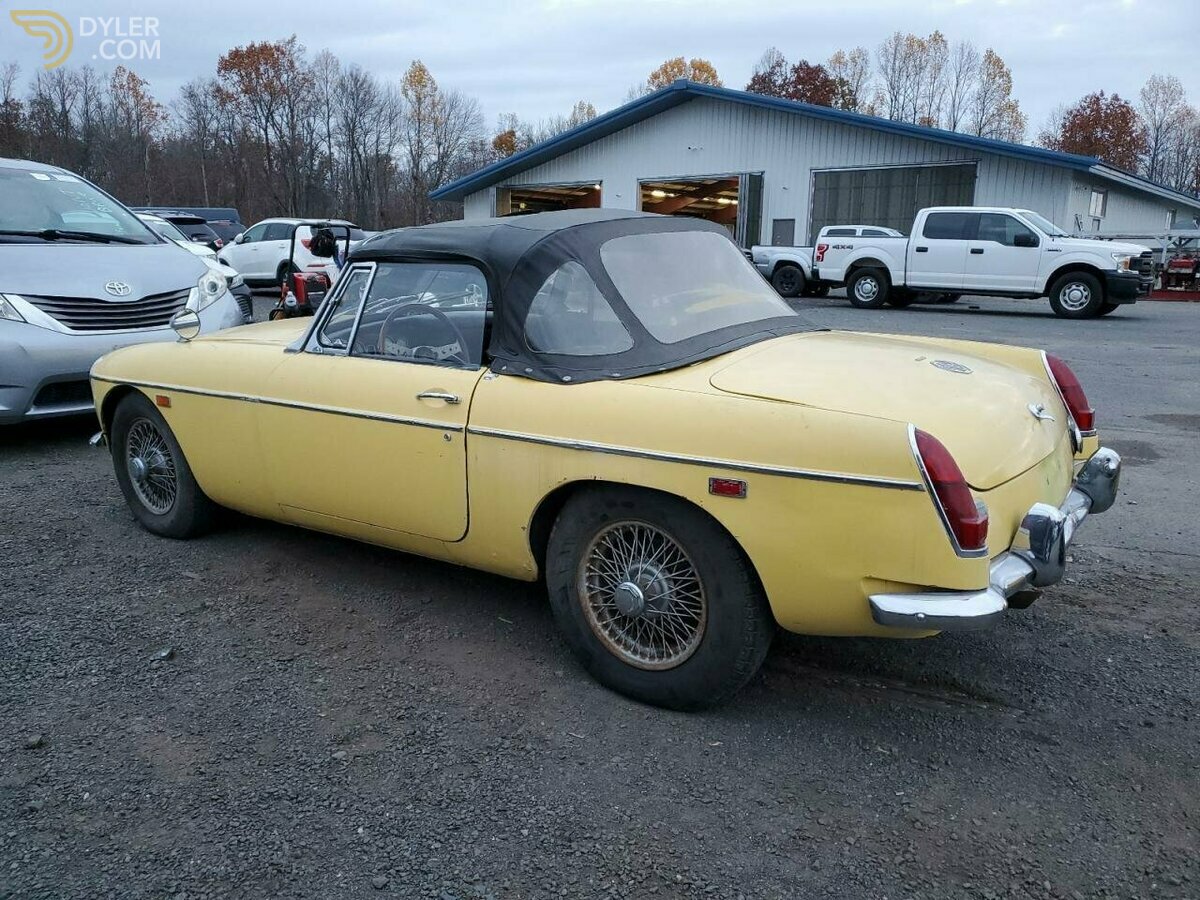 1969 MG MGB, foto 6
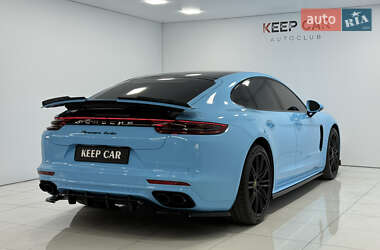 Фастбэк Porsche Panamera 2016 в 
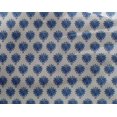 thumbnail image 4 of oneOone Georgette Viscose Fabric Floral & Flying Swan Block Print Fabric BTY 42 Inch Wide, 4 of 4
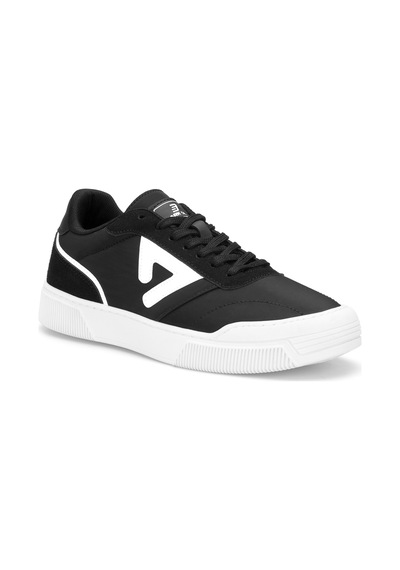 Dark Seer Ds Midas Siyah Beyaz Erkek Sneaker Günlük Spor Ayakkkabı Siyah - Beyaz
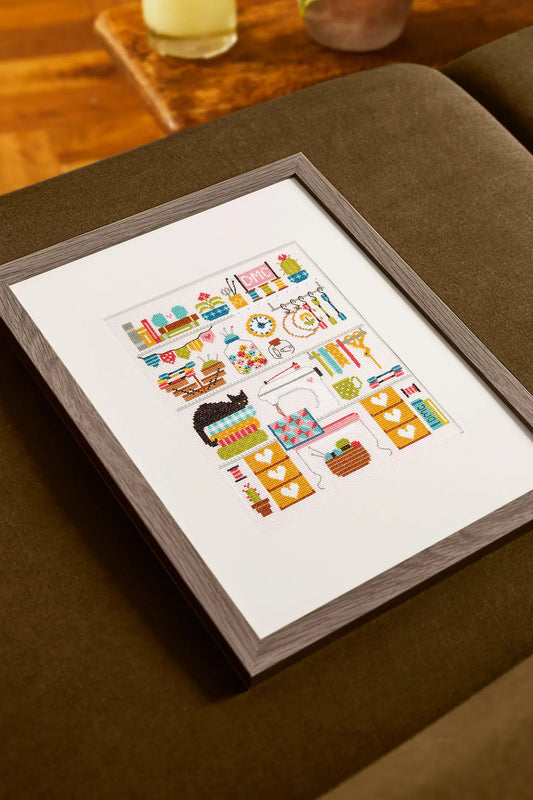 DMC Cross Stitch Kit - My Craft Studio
= = =
:: Exercise description ::
Leave the pictures out, and retype exactly the lines from the one containing "Фастбэк Porsche Panamera 2016 в" through the last line of the entries above, both included.

:: Answer to this problem ::
 Фастбэк Porsche Panamera 2016 в 
 thumbnail image 4 of oneOone Georgette Viscose Fabric Floral & Flying Swan Block Print Fabric BTY 42 Inch Wide, 4 of 4
 Dark Seer Ds Midas Siyah Beyaz Erkek Sneaker Günlük Spor Ayakkkabı Siyah - Beyaz
 DMC Cross Stitch Kit - My Craft Studio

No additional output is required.